**WHAT YOU WILL DO:** A word-for-word copy is needed of the line containing "Zabawna scena z" and every line after it through the end of the records below, leaving out all pictures.

**SOURCE MATERIAL:**

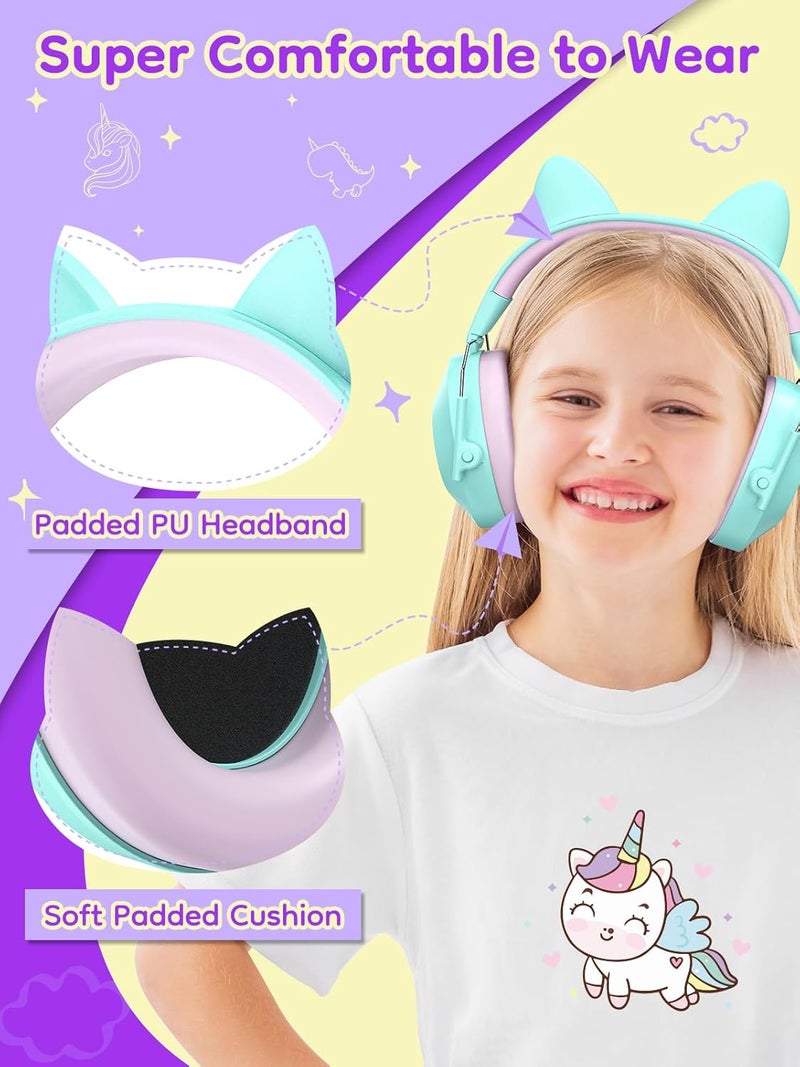 Dr.Meter Ear Muffs for Noise Reduction: 32SNR Noise Cancelling Headphones for Kids Toddlers, Kids Ear Protection for Austism Sensory Fireworks Concerts Focus Cute Xmas Gifts for Girls - Image 2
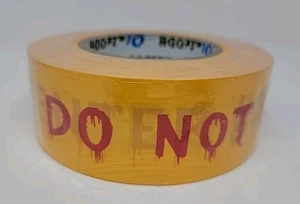 Halloween Decorations Caution Tape - Do Not Enter Yellow Scary Warning Tape Roll - Picture 1 of 10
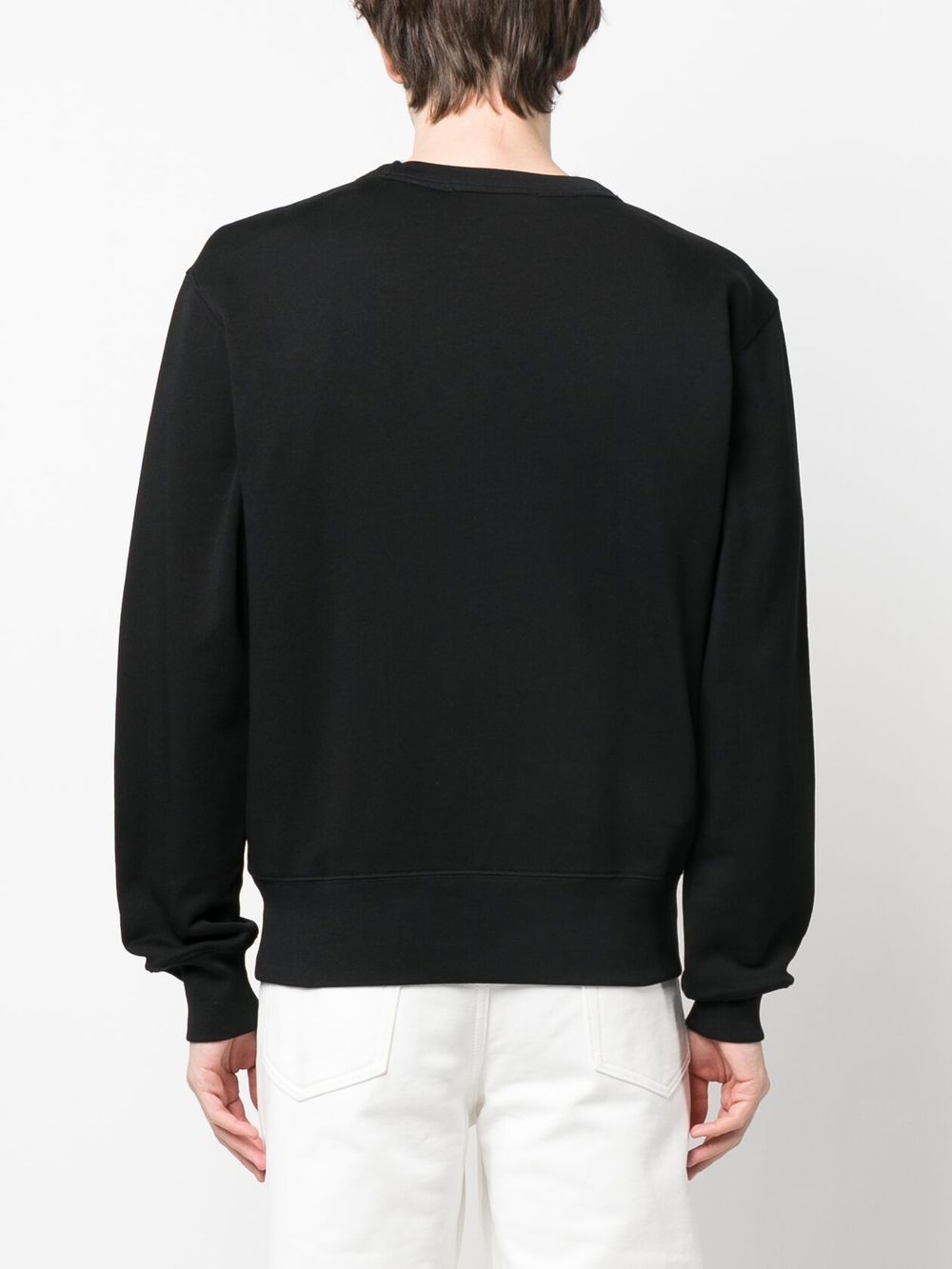 Black face patch sweatshirt - unisex - ACNE STUDIOS FACE ...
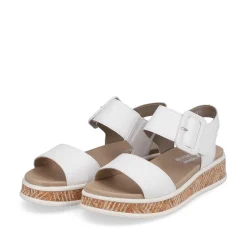 Discount Women'S Strappy Sandals Brilliant White Ladies Sandals & Sandals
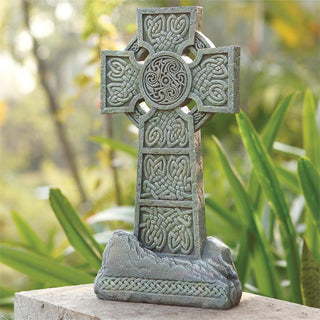 16.25-Inch Celtic Cross Garden Statue
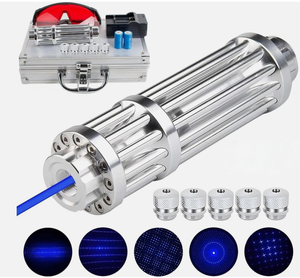 China Manufactured Adjustable Visible Beam Dot Rechargeable Laser Pointer Flashlight Light Blue Infrared for Promotions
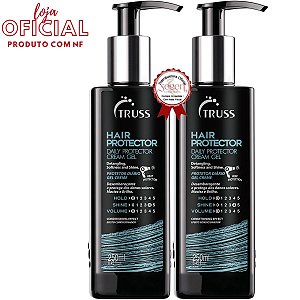 Truss Kit duo - 2 unidades de Hair Protector 250ml - Leave-in Desembaraçante e Protetor Solar para Maciez e Brilho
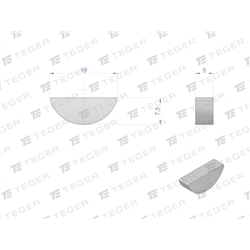 Wpust czółenkowy 5x7.5 TEGER, (sprzedawane po 10)-347907602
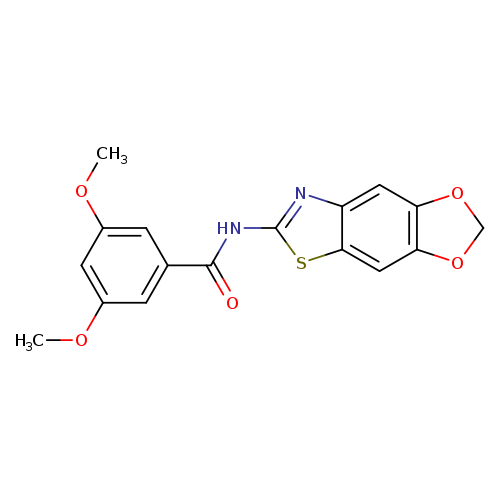 N-{4,6-dioxa-10-thia-12-azatricyclo[7.3.0.0^{3,7}]dodeca-1(9),2,7,11-tetraen-11-yl}-3,5-dimethoxybenzamide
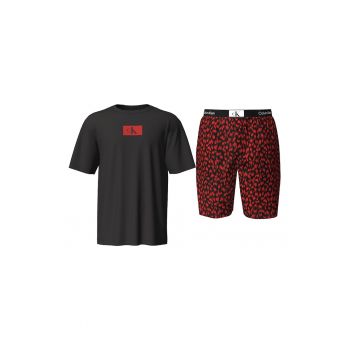 Pijama cu pantaloni scurti - din bumbac organic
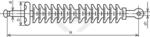 Линейные подвесные полимерные изоляторы для ЛЭП 330-500 кВ ЛК300/330-III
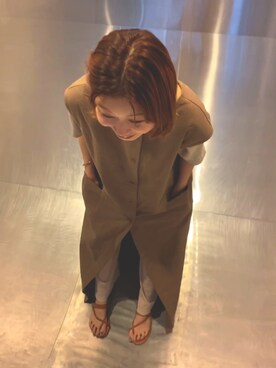「2wayワンピース」｜「アイテム（サンダル）」を使った、ｈａｒｕさん（レディース・152cm）の夏コーディネート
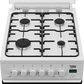 Beko EDG507W 50cm Twin Cavity Gas Cooker with Gas Hob & Glass Lid - White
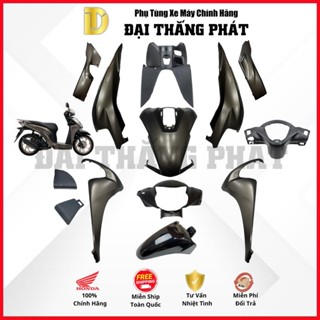   Có bán lẻ  Dàn áo Vision 110cc năm 2025 K2C màu Nâu đen - YR381 - phiên bản đặc biệt chính hãng Honda 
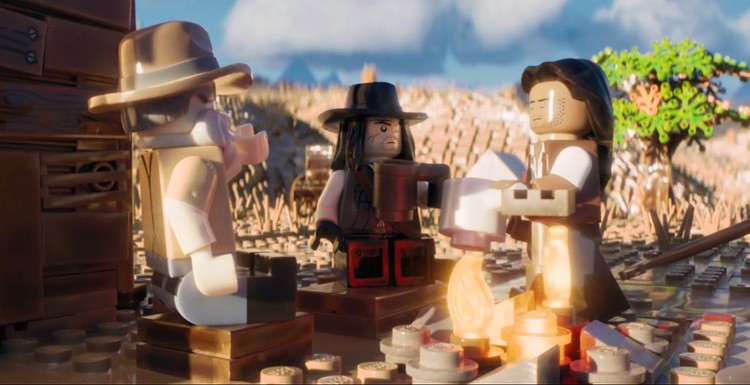 Zabawna scena z Red Dead Redemption 2 odtworzona w wersji LEGO. Fani zachwyceni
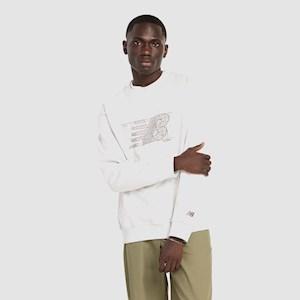 New Balance Mens Athletics French Terry Relaxed Science Sweat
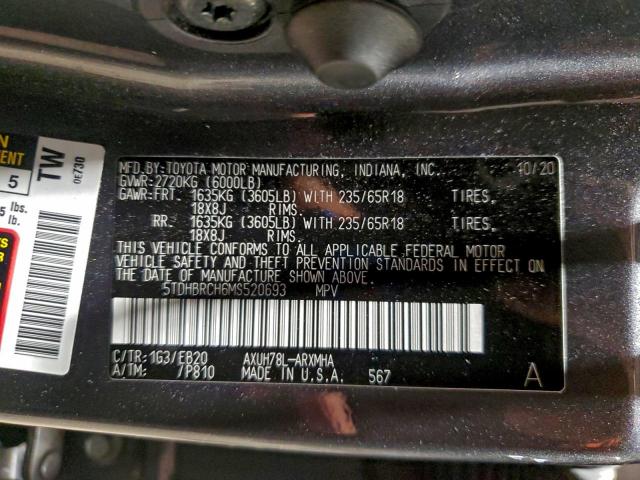 Toyota Highlander Hybrid Xle Image 12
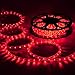 Yescom 150ft Red 2 Wire LED Rope Light Indoor Outdoor Home Holiday Valentines Party Restaurant Cafe Decoration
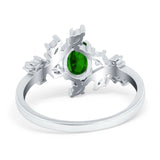 Oval Marquise Simulated Cubic Zirconia Ring 925 Sterling Silver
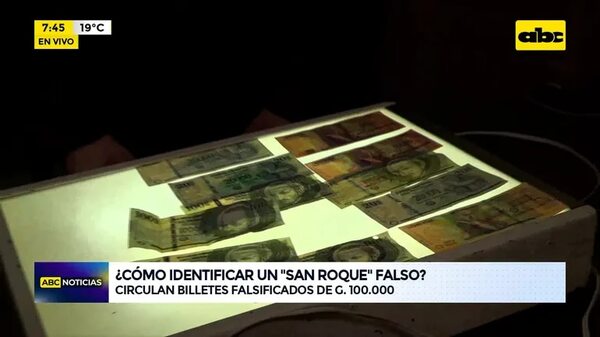 Video: Circulan billetes falsificados de G. 100.000 - ABC Noticias - ABC Color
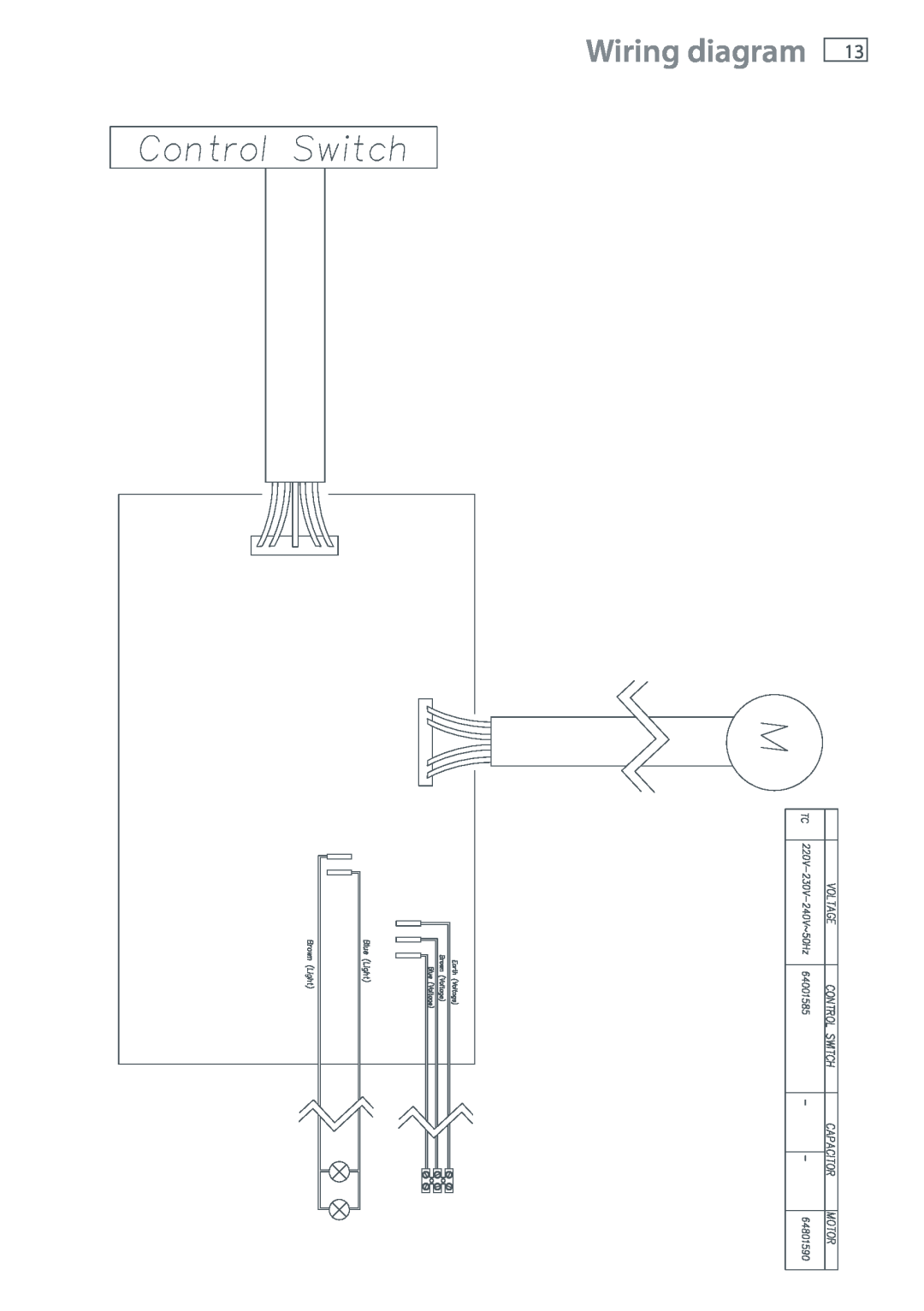 Fisher & Paykel HT90DBX1 installation instructions Wiring diagram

**TASK ANSWER:**
 Zabawna scena z Red Dead Redemption 2 odtworzona w wersji LEGO. Fani zachwyceni
 New Balance Mens Athletics French Terry Relaxed Science Sweat
 Toyota Highlander Hybrid Xle Image 12
 Yescom 150ft Red 2 Wire LED Rope Light Indoor Outdoor Home Holiday Valentines Party Restaurant Cafe Decoration
 Oval Marquise Simulated Cubic Zirconia Ring 925 Sterling Silver
 Video: Circulan billetes falsificados de G. 100.000 - ABC Noticias - ABC Color
 Fisher & Paykel HT90DBX1 installation instructions Wiring diagram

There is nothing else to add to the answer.